Бабы-соседки советовали справить по обычаю напутственный молебен. Но дядя Кузьма только посмеялся: нечего, мол, тратить сиротские медяки. И повел Алешу на завод, посмотреть, что к чему, заодно проститься.
Они шли по богатому порядку, мимо рубленых домов с высокими коньками, с шатровыми воротами. Жили здесь кержаки, люди с достатком; остановка завода на зиму не грозила им голодом, — они и летом норовили не выйти на работу: надо было управляться по хозяйству. Дядя Кузьма, по всему видно, не любил кержаков. Да и они его. Летух был из пришлых. Поэтому называли его мочеганом, а иногда, под сердитую руку, и обушником. Он пришел с того завода, где когда-то кричник убил обухом управителя. Даже узкие оконца и те сердили дядю Кузьму:
— Ишь как прищурились, будто хитрее их никого и нет! — проговорил он.
Алеша глянул и тоже заметил, как ехидно щурятся окна.

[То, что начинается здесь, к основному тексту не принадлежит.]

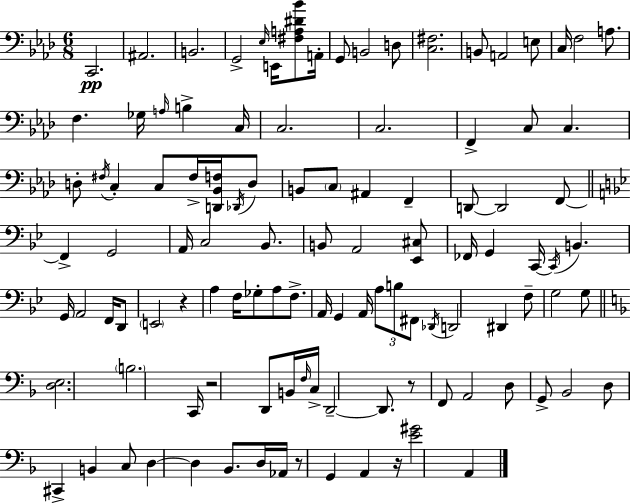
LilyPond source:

{
  \clef bass
  \numericTimeSignature
  \time 6/8
  \key f \minor
  c,2.\pp | ais,2. | b,2. | g,2-> \grace { ees16 } e,16 <fis a dis' bes'>8 | \break a,16-. g,8 b,2 d8 | <c fis>2. | b,8 a,2 e8 | c16 f2 a8. | \break f4. ges16 \grace { a16 } b4-> | c16 c2. | c2. | f,4-> c8 c4. | \break d8-. \acciaccatura { fis16 } c4-. c8 fis16-> | <d, bes, f>16 \acciaccatura { des,16 } d8 b,8 \parenthesize c8 ais,4 | f,4-- d,8~~ d,2 | f,8~~ \bar "||" \break \key g \minor f,4-> g,2 | a,16 c2 bes,8. | b,8 a,2 <ees, cis>8 | fes,16 g,4 c,16~~ \acciaccatura { c,16 } b,4. | \break g,16 a,2 f,16 d,8 | \parenthesize e,2 r4 | a4 f16 ges8-. a8 f8.-> | a,16 g,4 a,16 \tuplet 3/2 { a8 b8 fis,8 } | \break \acciaccatura { des,16 } d,2 dis,4 | f8-- g2 | g8 \bar "||" \break \key f \major <d e>2. | \parenthesize b2. | c,16 r2 d,8 b,16 | \grace { f16 } c16-> d,2--~~ d,8. | \break r8 f,8 a,2 | d8 g,8-> bes,2 | d8 cis,4-> b,4 c8 | d4~~ d4 bes,8. | \break d16 aes,16 r8 g,4 a,4 | r16 <e' gis'>2 a,4 | \bar "|."
}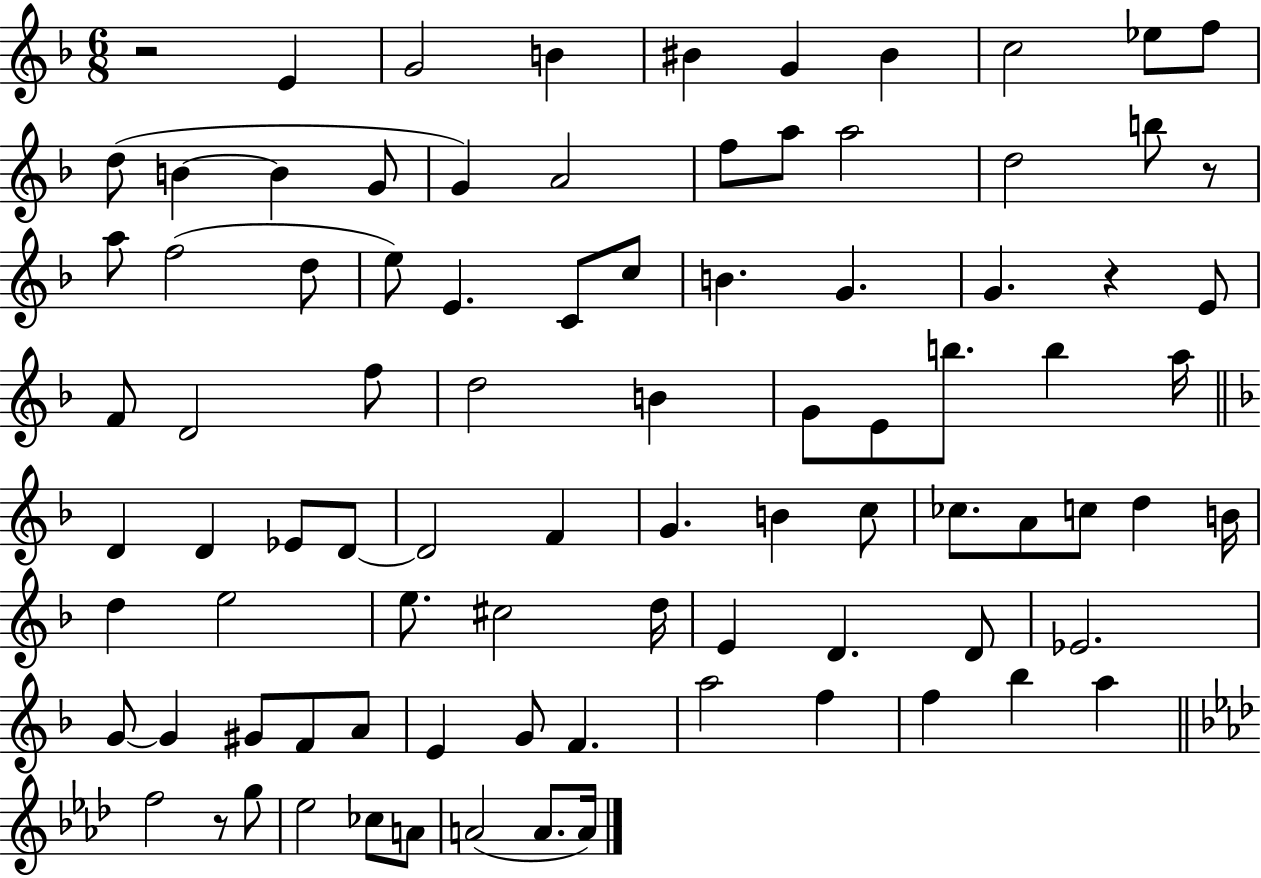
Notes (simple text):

R/h E4/q G4/h B4/q BIS4/q G4/q BIS4/q C5/h Eb5/e F5/e D5/e B4/q B4/q G4/e G4/q A4/h F5/e A5/e A5/h D5/h B5/e R/e A5/e F5/h D5/e E5/e E4/q. C4/e C5/e B4/q. G4/q. G4/q. R/q E4/e F4/e D4/h F5/e D5/h B4/q G4/e E4/e B5/e. B5/q A5/s D4/q D4/q Eb4/e D4/e D4/h F4/q G4/q. B4/q C5/e CES5/e. A4/e C5/e D5/q B4/s D5/q E5/h E5/e. C#5/h D5/s E4/q D4/q. D4/e Eb4/h. G4/e G4/q G#4/e F4/e A4/e E4/q G4/e F4/q. A5/h F5/q F5/q Bb5/q A5/q F5/h R/e G5/e Eb5/h CES5/e A4/e A4/h A4/e. A4/s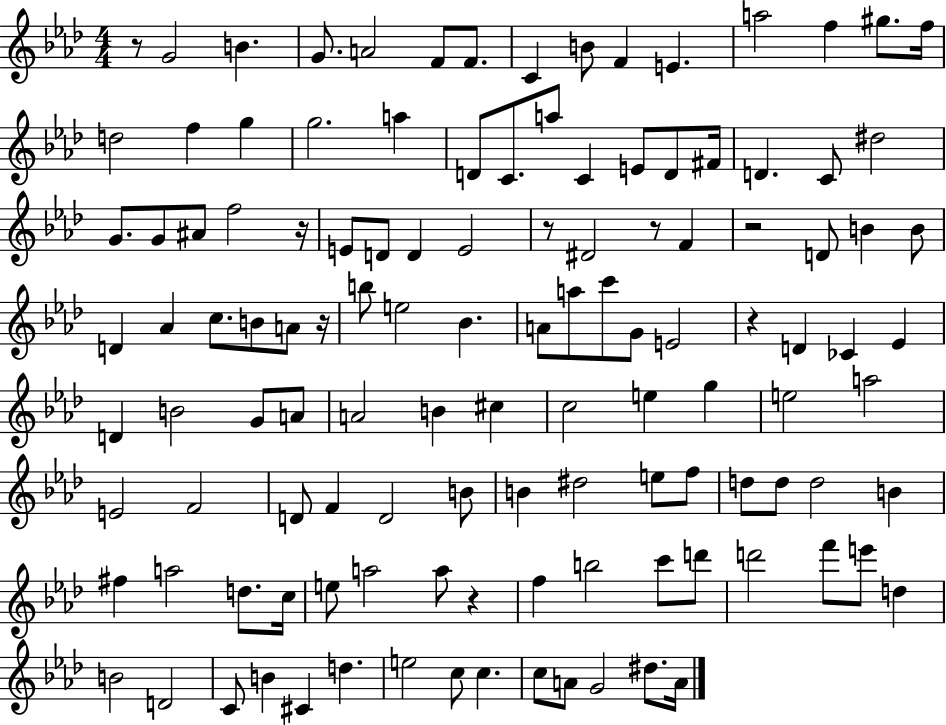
R/e G4/h B4/q. G4/e. A4/h F4/e F4/e. C4/q B4/e F4/q E4/q. A5/h F5/q G#5/e. F5/s D5/h F5/q G5/q G5/h. A5/q D4/e C4/e. A5/e C4/q E4/e D4/e F#4/s D4/q. C4/e D#5/h G4/e. G4/e A#4/e F5/h R/s E4/e D4/e D4/q E4/h R/e D#4/h R/e F4/q R/h D4/e B4/q B4/e D4/q Ab4/q C5/e. B4/e A4/e R/s B5/e E5/h Bb4/q. A4/e A5/e C6/e G4/e E4/h R/q D4/q CES4/q Eb4/q D4/q B4/h G4/e A4/e A4/h B4/q C#5/q C5/h E5/q G5/q E5/h A5/h E4/h F4/h D4/e F4/q D4/h B4/e B4/q D#5/h E5/e F5/e D5/e D5/e D5/h B4/q F#5/q A5/h D5/e. C5/s E5/e A5/h A5/e R/q F5/q B5/h C6/e D6/e D6/h F6/e E6/e D5/q B4/h D4/h C4/e B4/q C#4/q D5/q. E5/h C5/e C5/q. C5/e A4/e G4/h D#5/e. A4/s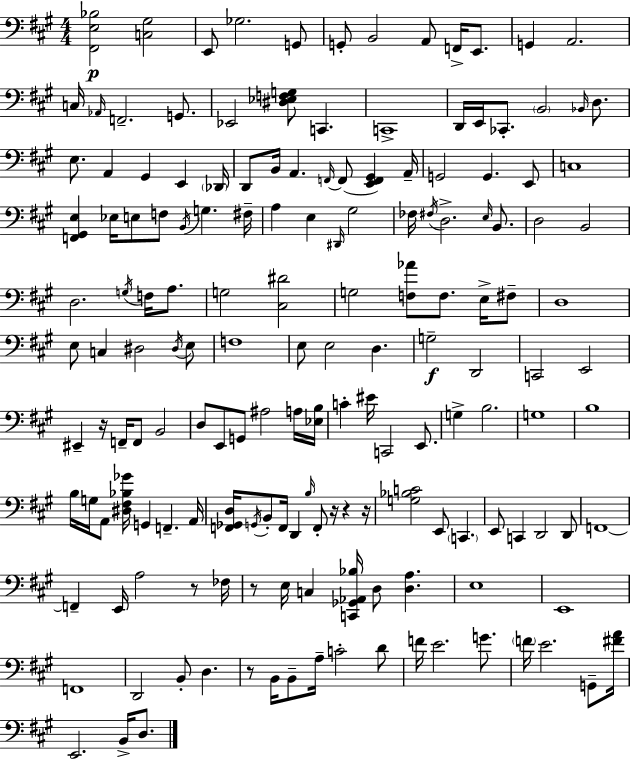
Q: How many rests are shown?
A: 7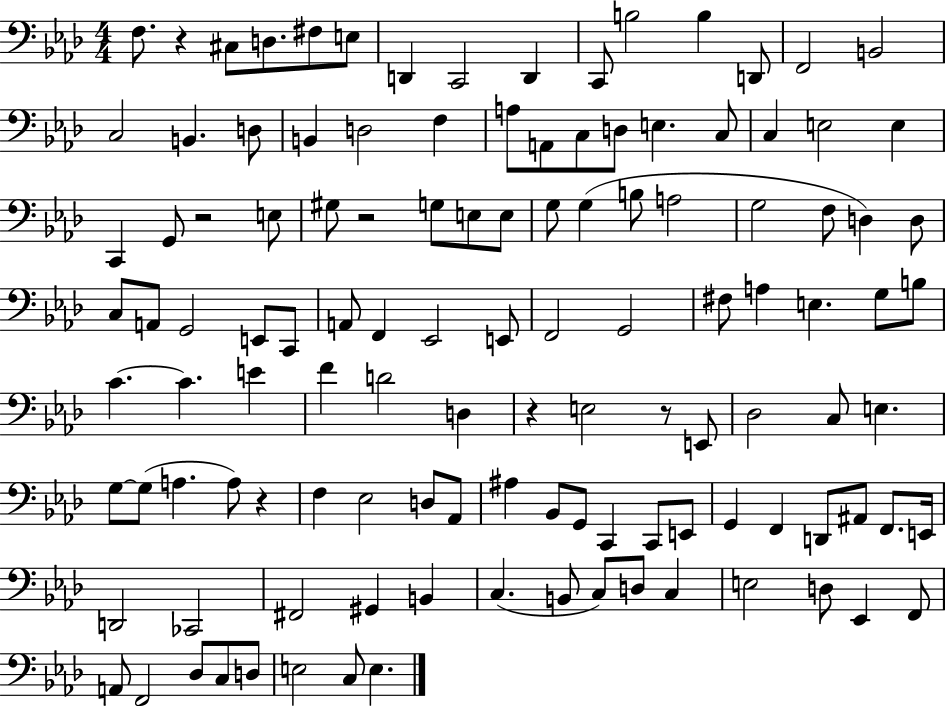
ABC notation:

X:1
T:Untitled
M:4/4
L:1/4
K:Ab
F,/2 z ^C,/2 D,/2 ^F,/2 E,/2 D,, C,,2 D,, C,,/2 B,2 B, D,,/2 F,,2 B,,2 C,2 B,, D,/2 B,, D,2 F, A,/2 A,,/2 C,/2 D,/2 E, C,/2 C, E,2 E, C,, G,,/2 z2 E,/2 ^G,/2 z2 G,/2 E,/2 E,/2 G,/2 G, B,/2 A,2 G,2 F,/2 D, D,/2 C,/2 A,,/2 G,,2 E,,/2 C,,/2 A,,/2 F,, _E,,2 E,,/2 F,,2 G,,2 ^F,/2 A, E, G,/2 B,/2 C C E F D2 D, z E,2 z/2 E,,/2 _D,2 C,/2 E, G,/2 G,/2 A, A,/2 z F, _E,2 D,/2 _A,,/2 ^A, _B,,/2 G,,/2 C,, C,,/2 E,,/2 G,, F,, D,,/2 ^A,,/2 F,,/2 E,,/4 D,,2 _C,,2 ^F,,2 ^G,, B,, C, B,,/2 C,/2 D,/2 C, E,2 D,/2 _E,, F,,/2 A,,/2 F,,2 _D,/2 C,/2 D,/2 E,2 C,/2 E,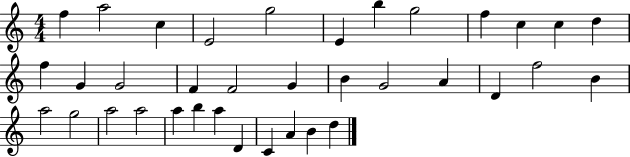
F5/q A5/h C5/q E4/h G5/h E4/q B5/q G5/h F5/q C5/q C5/q D5/q F5/q G4/q G4/h F4/q F4/h G4/q B4/q G4/h A4/q D4/q F5/h B4/q A5/h G5/h A5/h A5/h A5/q B5/q A5/q D4/q C4/q A4/q B4/q D5/q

И чтобы совсем раздосадовать его и дядю Кузьму, из ближних ворот, крашенных охрой, выглянул старик в полукафтане, глухо застегнутом на медные пуговки, и в плоской валеной шляпе и оглядел их так, будто собрался не пускать на порог.
Дядя Кузьма выругался.
Из-за угла выскочили верховые. Пришлось посторониться. Алеша знал, что это лесообъездчики, и все же подумал: «А вдруг разбойники?» Он и боялся этого и хотел. С любопытством разглядывал синие пестрядинные шаровары и переброшенную через плечо лядунку заднего верхового.
— Управитель завода, — пояснил дядя Кузьма, — собрался ехать к главному управляющему в Тигель, и лесообъездчики должны сопровождать его тройку, как обережные сопровождают караван с железом.
Алешу свободно пропустили на заводский двор. Он важно прошагал через караушку мимо старика в солдатской шинели. А дядю Кузьму задержали: старик попросил у него закурить — на последнее расставание.
Перво-наперво прошли в кричню.
Диковинными показались Алеше кричные горны. Бросят в горн древесных угольев, бросят кусок чугуна, глядишь — получается ком железа.
Ломами выворачивали мужики железные комья и, ухватив их длинными клещами, кидали под молот. Было и страшно и радостно смотреть на этих мужиков в кожаных защитках и в обгорелых прядениках, — ничего не боясь, бросались они от горна к молоту. Железные комья пылали, светились красным, по краям розоватым, светом, постепенно притухая под ударами чугунного молота. Насаженный на длинное прокопченное бревно молот с натугой поднимался под черный низкий свод крични и падал мгновенно, тяжело, превращая ком в лепешку — в крицу. Ощутимо дрожала под ногами земля.
Алеша сперва не заметил, что рукоятки молотов упираются в чугунные кулаки, вделанные в деревянный вал. Дядя Кузьма сказал, что вал вращается от деревянной турбины.
— А та, само собою, с плотиной связана.
Алеша кивнул и вспомнил, как он бегал купаться на пруд с другими ребятишками и как сторож, заприметив их, собрал одежу и заставил голыми плясать на берегу у проезжей дороги. Смешно было подумать, что Алеша тогда плакал.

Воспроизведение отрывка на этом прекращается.